RECORDS TO USE: Begin
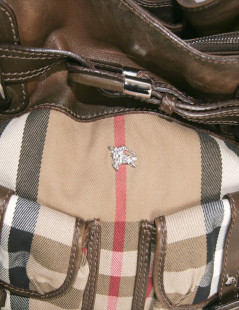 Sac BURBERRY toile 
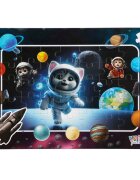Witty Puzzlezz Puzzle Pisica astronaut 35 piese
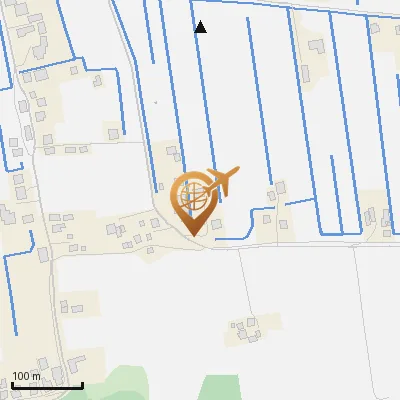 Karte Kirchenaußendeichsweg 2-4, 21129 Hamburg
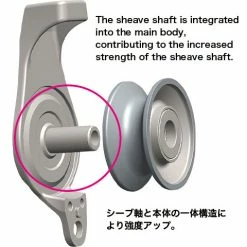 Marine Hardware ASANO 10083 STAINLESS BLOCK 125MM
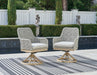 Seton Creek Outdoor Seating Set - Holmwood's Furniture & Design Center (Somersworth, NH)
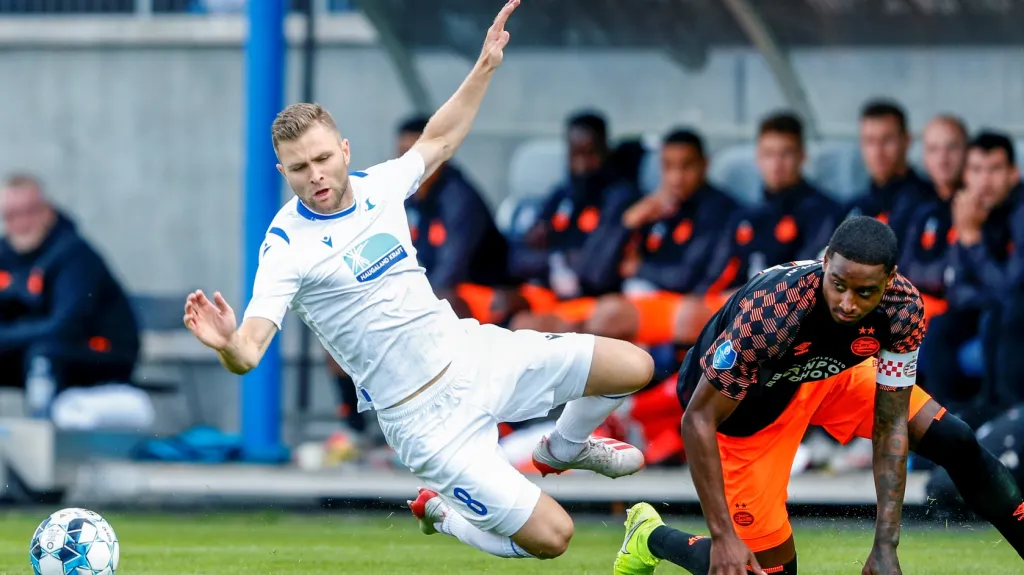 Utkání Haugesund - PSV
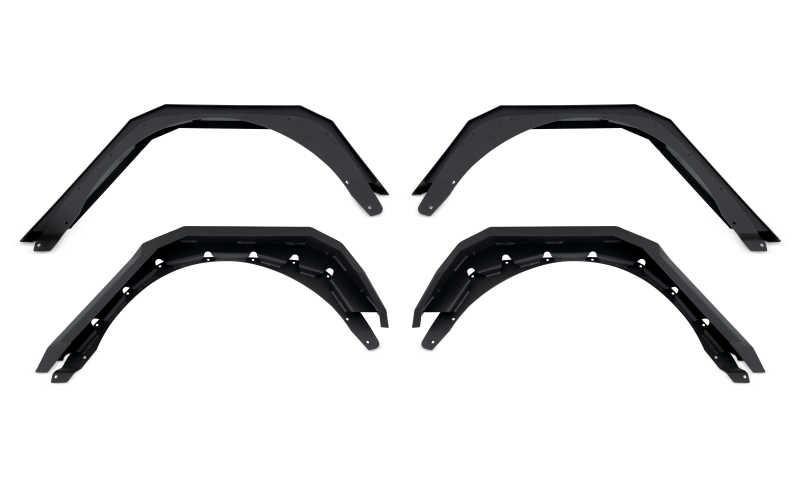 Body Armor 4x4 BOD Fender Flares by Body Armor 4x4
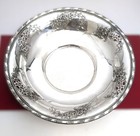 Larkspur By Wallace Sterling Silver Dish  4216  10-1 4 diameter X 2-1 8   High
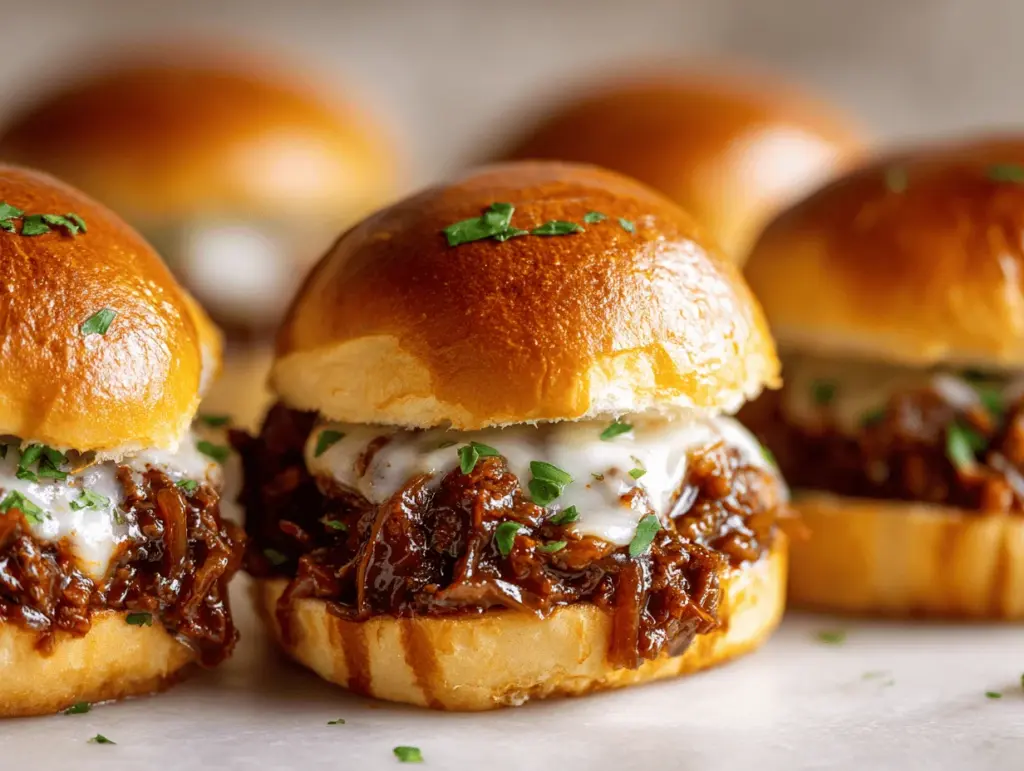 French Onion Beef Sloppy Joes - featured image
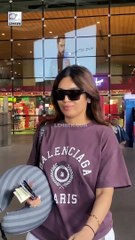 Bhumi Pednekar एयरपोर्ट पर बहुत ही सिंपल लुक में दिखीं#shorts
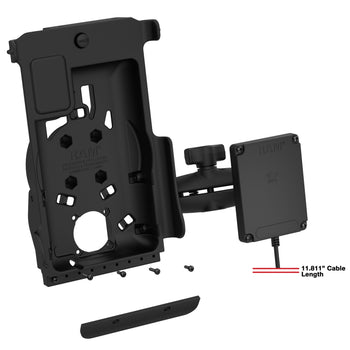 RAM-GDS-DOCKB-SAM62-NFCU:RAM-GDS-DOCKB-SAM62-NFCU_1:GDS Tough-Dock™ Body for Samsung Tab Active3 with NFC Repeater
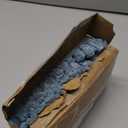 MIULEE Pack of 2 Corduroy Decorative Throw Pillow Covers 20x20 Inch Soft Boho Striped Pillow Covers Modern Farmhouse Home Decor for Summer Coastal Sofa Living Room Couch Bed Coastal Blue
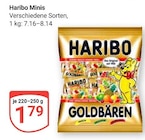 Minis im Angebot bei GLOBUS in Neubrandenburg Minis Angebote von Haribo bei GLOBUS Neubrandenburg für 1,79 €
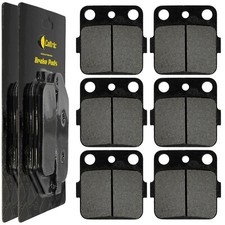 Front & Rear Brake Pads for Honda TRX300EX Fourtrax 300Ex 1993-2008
RECORDS TO USE: End
RECORDS TO USE: Begin
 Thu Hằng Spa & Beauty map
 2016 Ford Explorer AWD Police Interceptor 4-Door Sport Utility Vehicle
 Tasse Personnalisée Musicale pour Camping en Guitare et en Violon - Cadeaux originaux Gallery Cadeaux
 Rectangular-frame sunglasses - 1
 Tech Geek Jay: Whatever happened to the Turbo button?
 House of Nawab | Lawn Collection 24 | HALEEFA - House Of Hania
RECORDS TO USE: End
WORK REQUEST = Find the line with "with NFC Repeater" in the entries above. Set down exactly every line from it up to and including the line with "MIULEE Pack of", images excluded.

RESPONSE FOR THIS EXERCISE =
 RAM-GDS-DOCKB-SAM62-NFCU:RAM-GDS-DOCKB-SAM62-NFCU_1:GDS Tough-Dock™ Body for Samsung Tab Active3 with NFC Repeater
 MIULEE Pack of 2 Corduroy Decorative Throw Pillow Covers 20x20 Inch Soft Boho Striped Pillow Covers Modern Farmhouse Home Decor for Summer Coastal Sofa Living Room Couch Bed Coastal Blue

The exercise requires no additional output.